Seven presidents, 12 iPhones, and 33 years later, high schools across America have made significant progress in diversifying their required reading lists, but not nearly enough.

An analysis of the 79 books listed under Libertyville High School’s “Reading List” online finds that roughly 70% of the books in the English curriculum are written by white authors, and 76% are written by male authors. While female authors were underrepresented at similar rates across classes, the level of racial diversity in LHS reading lists tended to differ greatly from class to class, with some courses having no authors of color listed while others balanced a greater number of perspectives.

Far from being confined to one school or one region, this disturbing lack of representation in high school English curricula is reflected in most schools nationwide. For example, a 2019 study analyzing books taught in New York City classrooms found that “the authors of books in commonly-used elementary school curriculum are, on average, 84 percent white” despite the fact that students of color compose 85% of the city’s public school students.

Detractors often dismiss the need for more diversity in English curricula with claims that the books being taught today are exemplary pieces of literature that all students can appreciate and learn from. However, these arguments not only misinterpret the goals of organizations such as We Need Diverse Books, but they also ignore decades of research in the field of pedagogy.

First of all, creating a required reading list that actually reflects the demographics of the United States doesn’t mean that classics such as “Macbeth” or “Fahrenheit 451” will be forgotten. Rather, students will be able to gain a better appreciation for the perspectives of Shakespeare and Ray Bradbury by being able to compare their writings with those of authors who differ greatly from the traditional Western canon in their backgrounds and beliefs.

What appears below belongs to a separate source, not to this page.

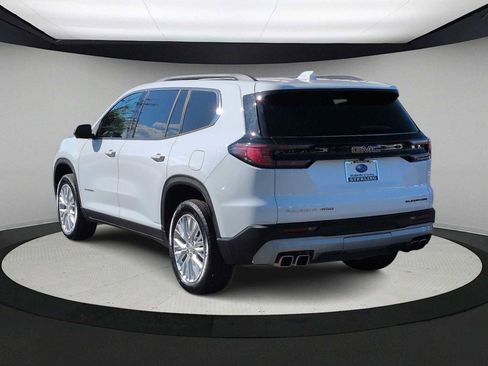 Used 2024 GMC Acadia Elevation image 6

For example, in a classroom where students are exposed to both James Baldwin’s “If Beale Street Could Talk” and F. Scott Fitzgerald’s “The Great Gatsby,” they would hypothetically be able to discuss the ways in which both novels expertly dismantle the idea of American meritocracy. More importantly, students could then analyze how each author utilizes rhetorical devices to develop their unique stances on how deeply these injustices penetrate the lives of their characters and if they can be fought against.

Of course, the process of adding more diverse books to required reading lists would inevitably result in some staples of the English curriculum being placed on the chopping block. However, this may be for the best. After all, “The Scarlet Letter” and “Lord of the Flies” don’t have the best track records when it comes to student engagement or relatability.

An effort to diversify reading lists would inspire a serious examination of why some books remain lauded as essential reading despite the fact that even the most dedicated students have trouble connecting with their themes on any meaningful level. Under this rehaul, the so-called classics would have to survive on their merit instead of their reputation. Meanwhile, authors such as Nnedi Okorafor, Octavia Butler and Jhumpa Lahiri could finally be recognized in American classrooms for their contributions to the modern literary landscape.

In addition to enriching the overall quality of a curriculum, numerous studies have found that diversity in English curricula is linked with higher rates of student engagement. A report from the NYC Coalition for Educational Justice even discovered that “for students of color and white students, culturally responsive education decreases dropout rates and suspensions, and increases grade point averages, student participation, self-image, critical thinking skills and graduation rates.”

The simple fact of the matter is that seeing oneself and one’s experiences reflected in a book can make all the difference when it comes to engaging with a text and understanding the author’s purpose. More powerful still, increasing representation within required reading lists can let an individual know that they are a valued member of their school’s community and can alleviate feelings of social isolation.

Who knows? These students may even be inspired to write stories of their own, stories that will allow the next generation to explore thousands of beautiful new worlds.

I’ve always felt that the value of books resides in their power to create fictional worlds that we can step into in order to better understand our own reality. However, if we are consistently limited to the same patch of space in an ever-expanding universe, our sense of ourselves and society is bound to be hollow or ignorant.

It might be difficult to let go of some of the cultural touchstones that have so long been heralded as the peak of literary achievement, but if we truly care about the mental health of students and the quality of their literary education, then there is no doubt that we must continue to diversify required reading lists across the country.